満は杏の手を握ると、穏やかな口調で語りかけた。
「橘さん、青学三年生女子が立海の男子テニス部部員に捕まったニュースは聞いたかしら?」
「え?えぇ。何でも女子生徒宅にストーカーしていたとか。」
「その被害を、私の家が受けていたの。捕まえたテニス部部員は赤也。」
「え。赤城が捕まえたんじゃ無かったのか。」
「事実よ。」
自分に当たり障りなく、青学の痛いところを容赦なく抉る。赤城家の門外不出と言われてもおかしくない、禁忌の技は関係者以外口外無用だ。

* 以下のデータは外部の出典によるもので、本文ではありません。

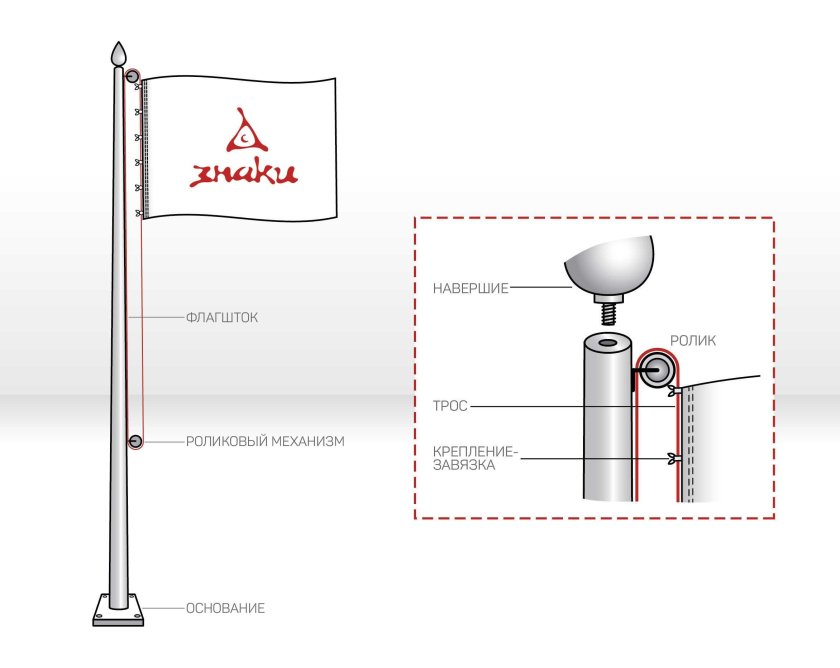 Флагшток поворотный механизм чертеж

満にとても都合のいいあらかたの説明を終え、聞き耳を立てていた人々を呆れたように満は見た。
「…そんな事が。」
「ごめんなさい、聞いても話しても楽しくない話題だものね。」
「赤城…間違いじゃねぇけどおかしくね?」
「内訳は部外者秘よ。と言っても…橘さんの学校の人だと思うけど、伊武君と神尾君は追いかけっこしたから、推察は可能ね。」
ころころと変わる満の表情からは、影など見当たらない。だが桃城と杏は満をガン見した。
「何やった赤城!」
「赤城さん神尾君より足速いの!?」
「落ち着いて。危ない事はしてないから。神尾君よりは速いわ。昔から鍛えていたし、最近はランニングもレギュラーとやるから格段に体力は上がった。」
これは如何なるデータを駆使しても、覆らない事実である。柳が断言したのだからと満は静かに説明を加えていた。